■ **Information provided**:
- Opening Delimiter -
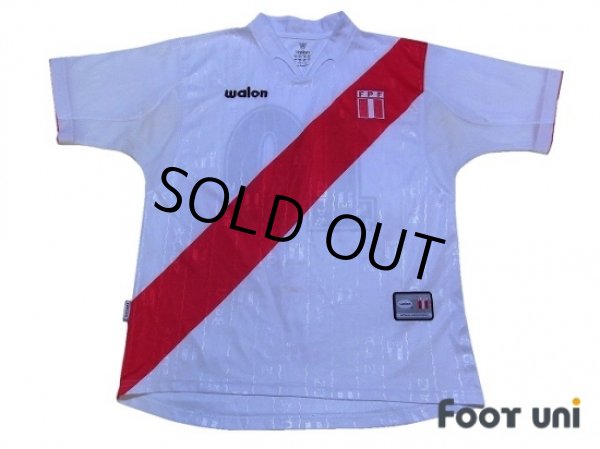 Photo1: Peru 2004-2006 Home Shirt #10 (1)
- Closing Delimiter -
- Opening Delimiter -
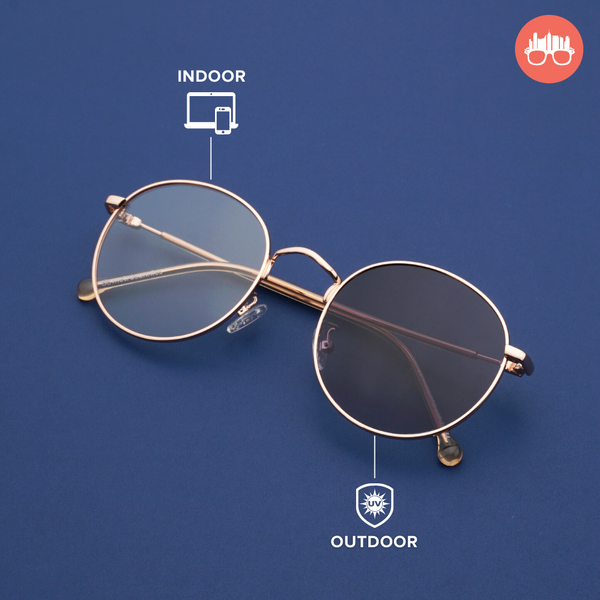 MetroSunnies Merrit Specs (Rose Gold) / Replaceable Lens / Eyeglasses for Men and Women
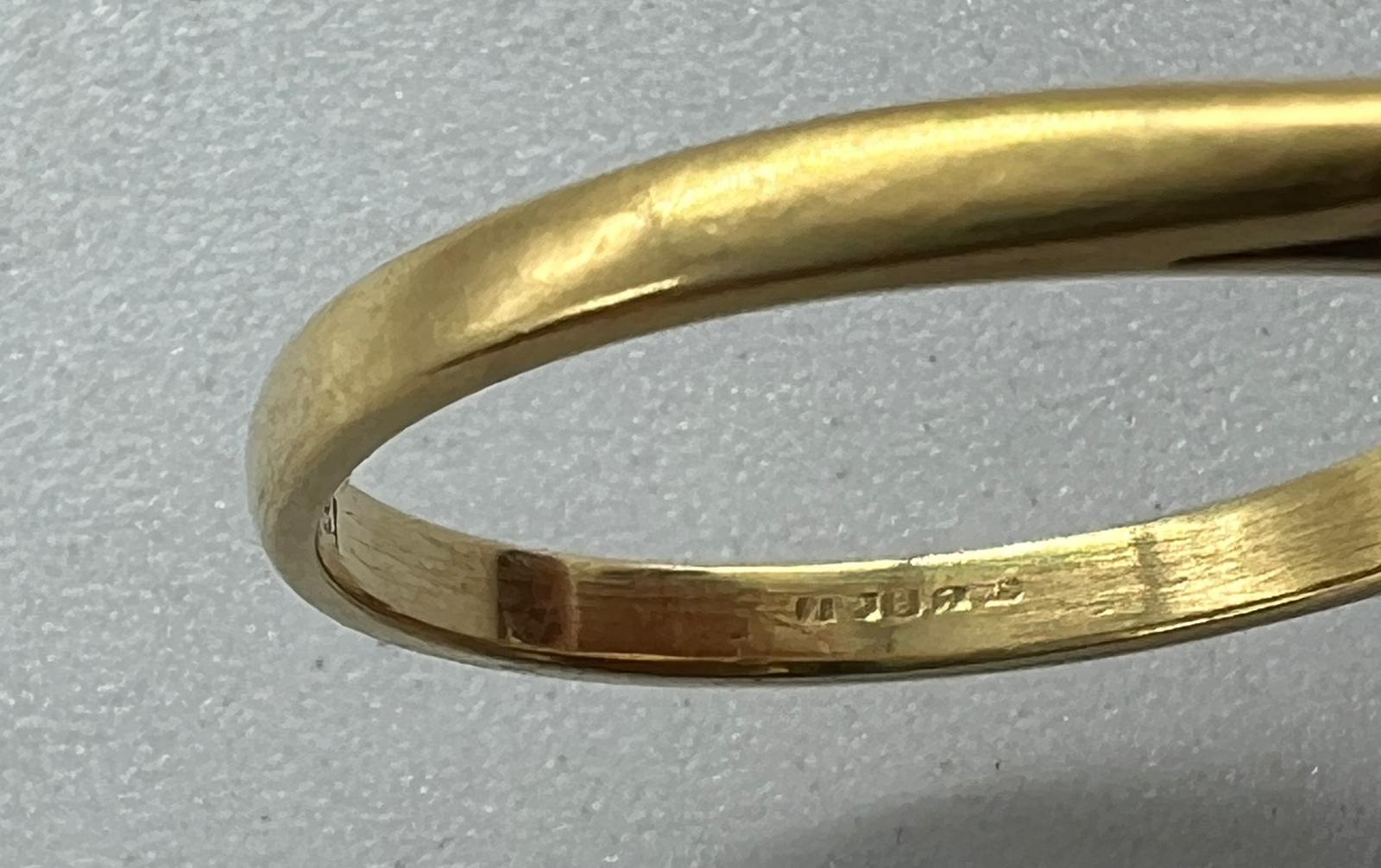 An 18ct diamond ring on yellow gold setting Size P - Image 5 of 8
- Closing Delimiter -
- Opening Delimiter -
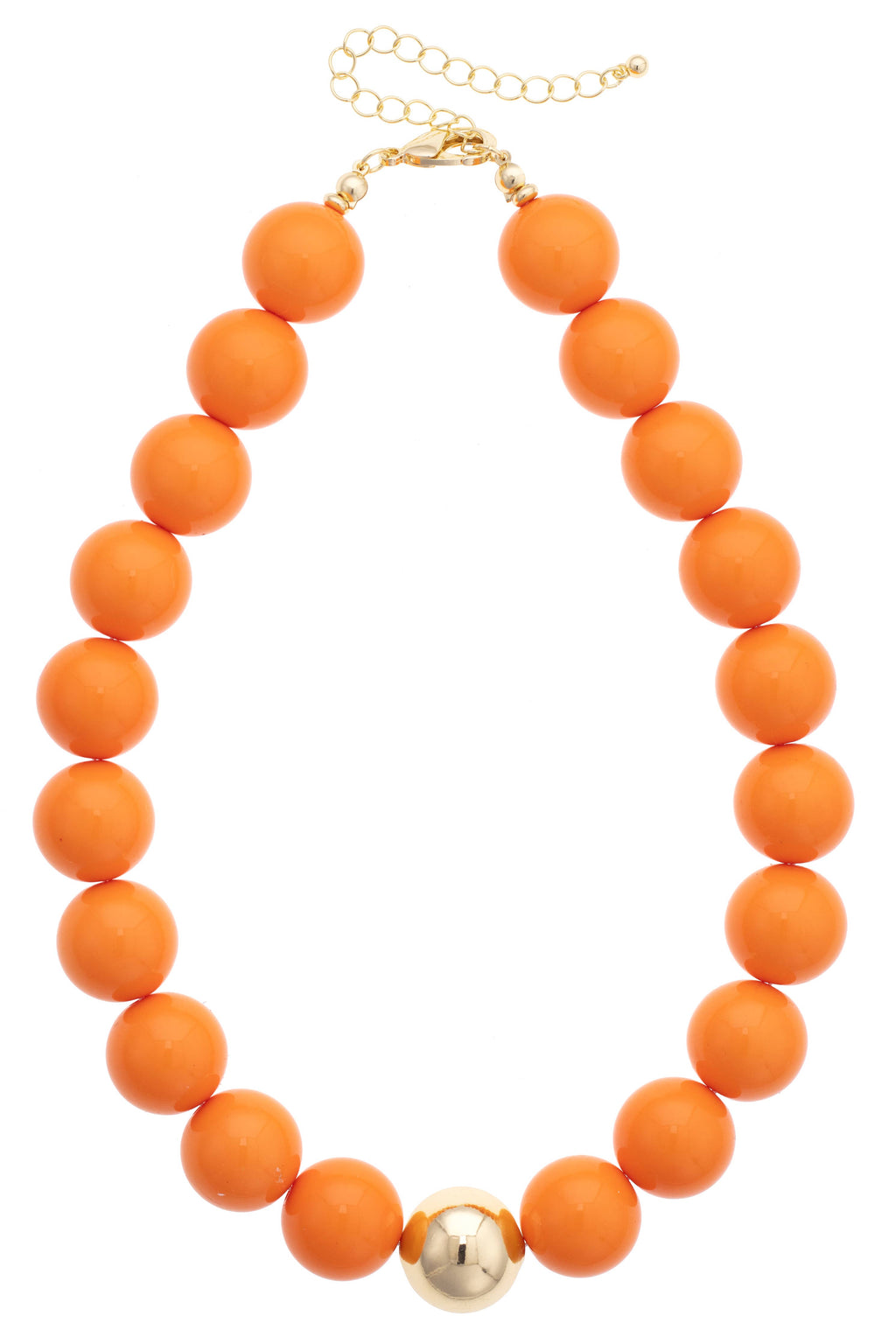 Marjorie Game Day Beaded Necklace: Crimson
- Closing Delimiter -
■ **How to complete this task**:
Above are the records; please give again, exactly and in full, only the lines that run from the line with "MetroSunnies Merrit Specs" through the line with "An 18ct diamond", with no pictures.

■ **Solution**:
 MetroSunnies Merrit Specs (Rose Gold) / Replaceable Lens / Eyeglasses for Men and Women
 An 18ct diamond ring on yellow gold setting Size P - Image 5 of 8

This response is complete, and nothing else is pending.